WHAT YOU WILL DO —
In the entries below, find the line with "Evolution - stoppen", then set it down exactly along with each line after it to the end, skipping any pictures.

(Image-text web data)

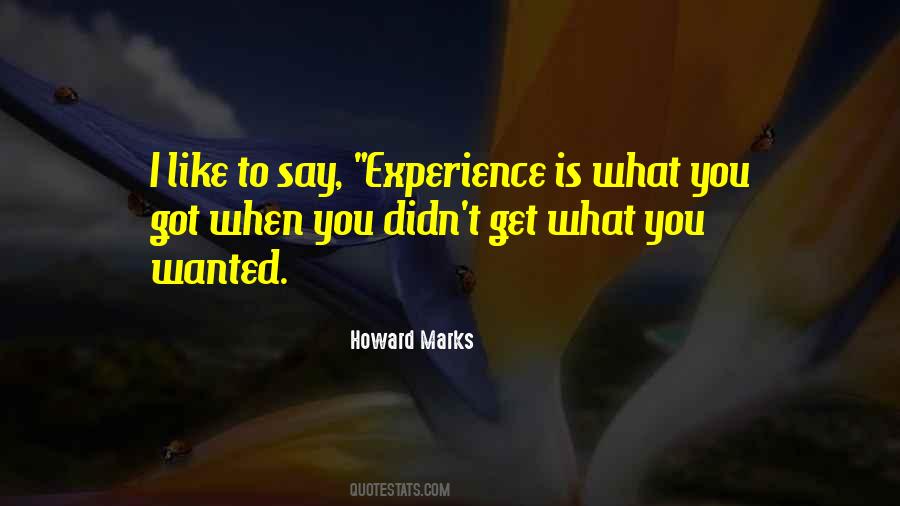 Experience Is What You Get Quotes #1023283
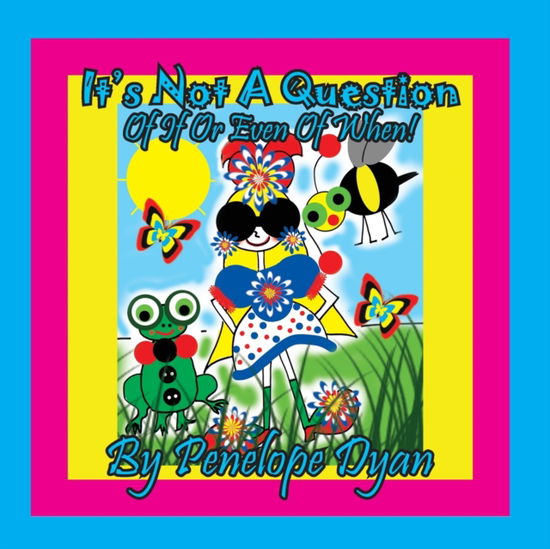 It's Not A Question . . . Of If Or Even Of When! - Penelope Dyan - Books - Bellissima Publishing - 9781614774969 - December 9, 2020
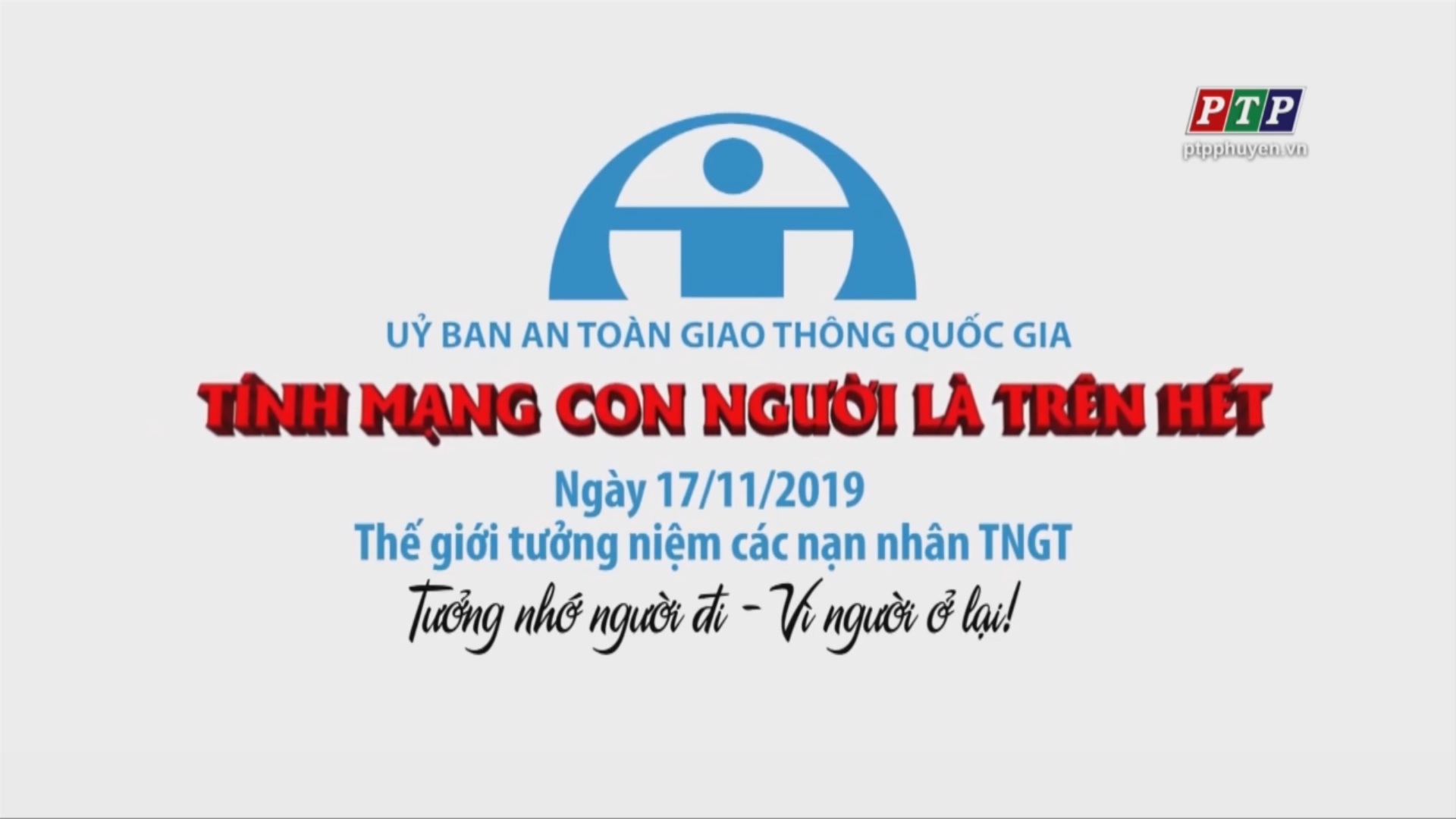 Ngày 17/11/2019: Thế giới tưởng niệm nạn nhân TNGT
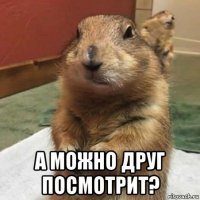  а можно друг посмотрит?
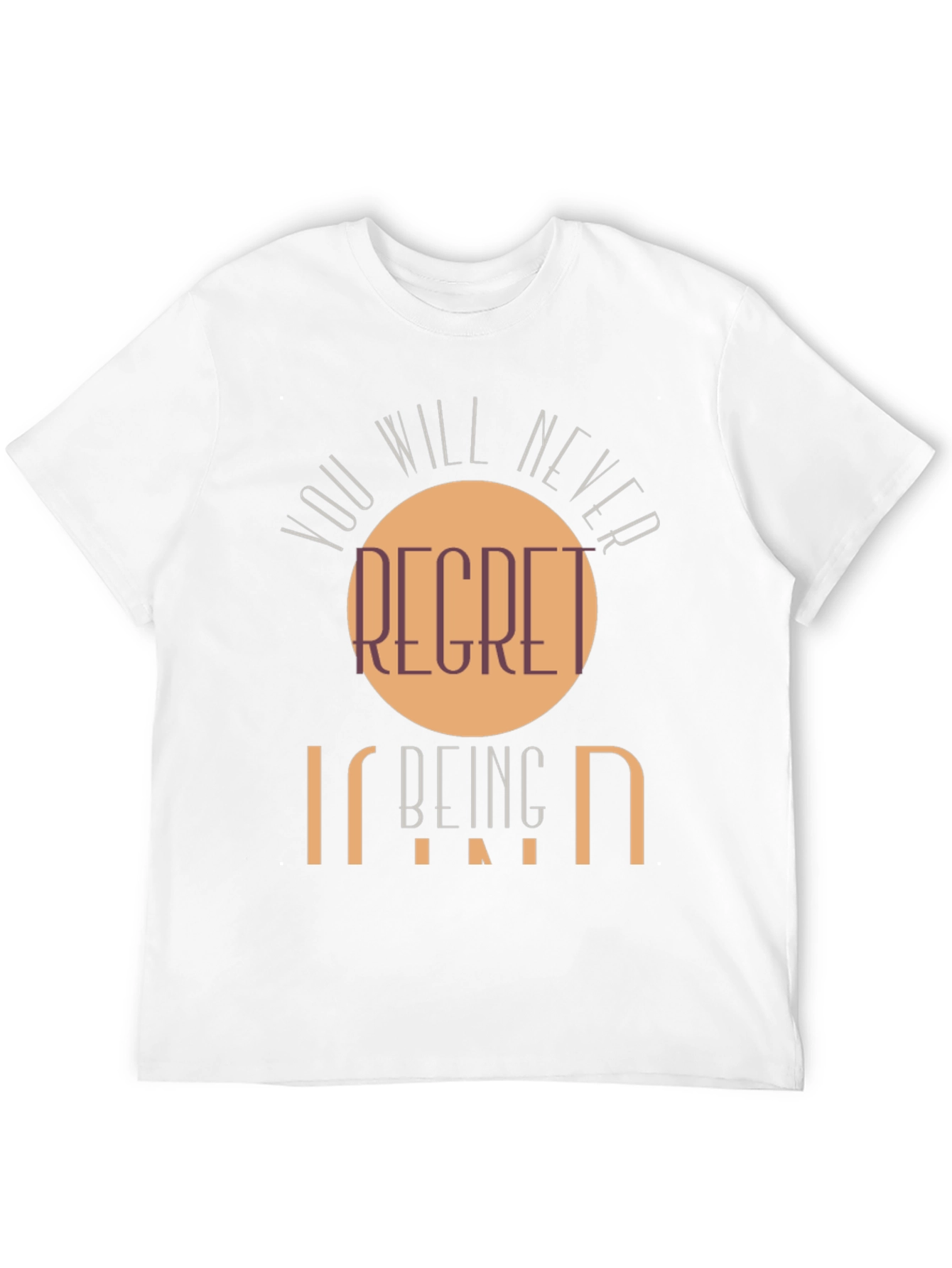Kindness T-Shirt - You Will Never Regret Being Kind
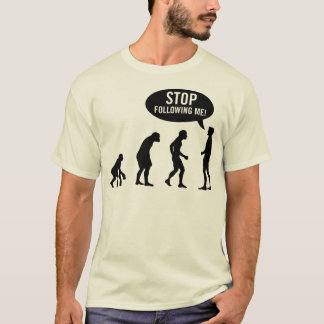 Evolution - stoppen Sie, mir zu folgen! T-Shirt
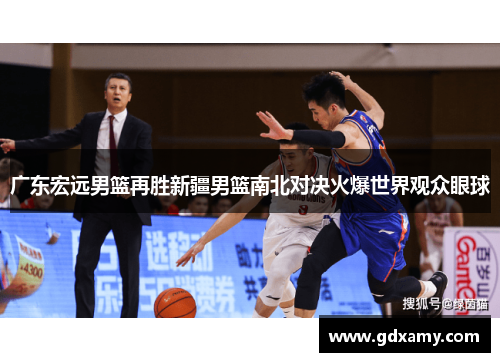 广东宏远男篮再胜新疆男篮南北对决火爆世界观众眼球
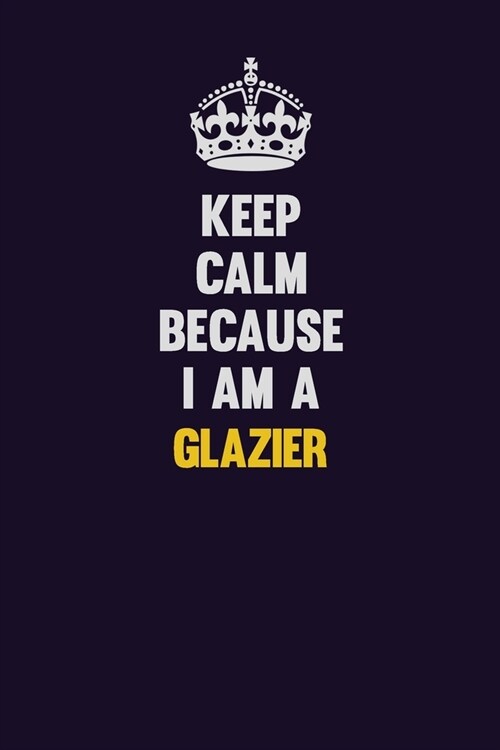 Keep Calm Because I Am A Glazier: Motivational and inspirational career blank lined gift notebook with matte finish (Paperback)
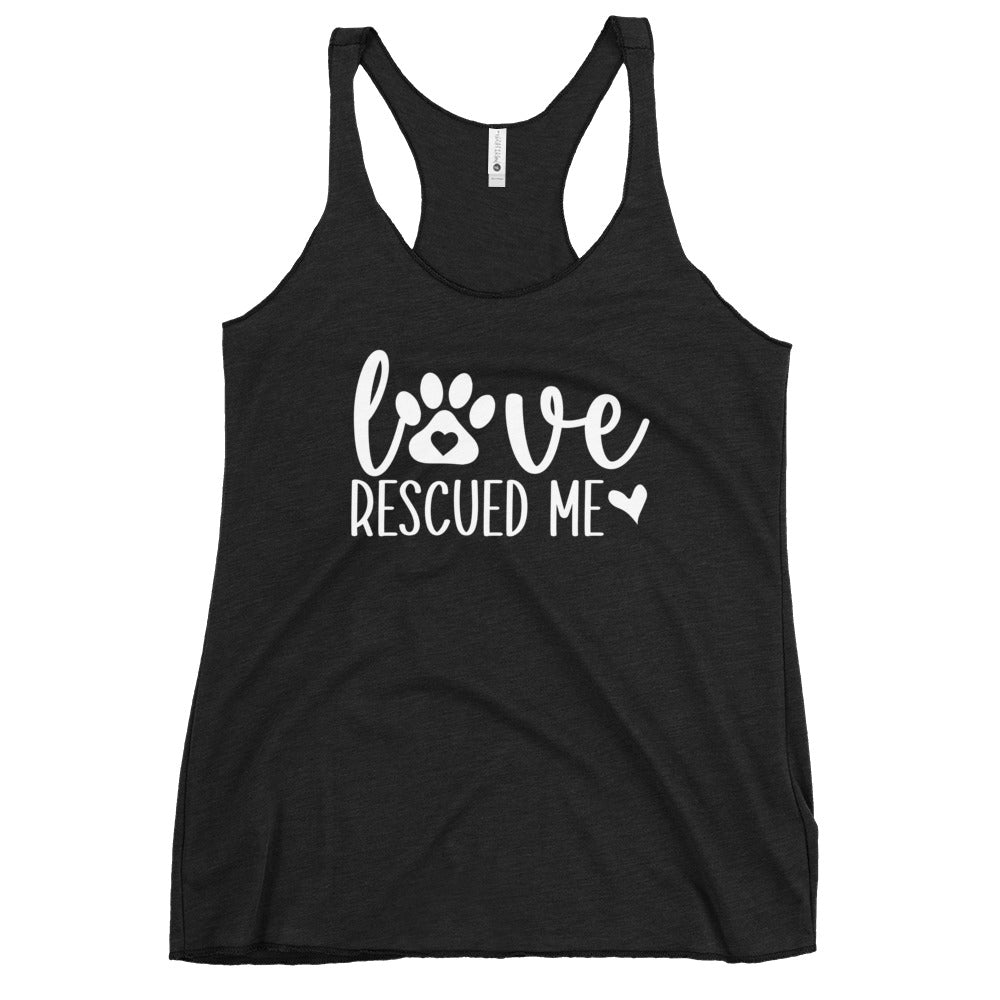 Love Rescued Me Women's Racerback Tank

REPLY —
 Evolution - stoppen Sie, mir zu folgen! T-Shirt
 广东宏远男篮再胜新疆男篮南北对决火爆世界观众眼球
 Keep Calm Because I Am A Glazier: Motivational and inspirational career blank lined gift notebook with matte finish (Paperback)
 Love Rescued Me Women's Racerback Tank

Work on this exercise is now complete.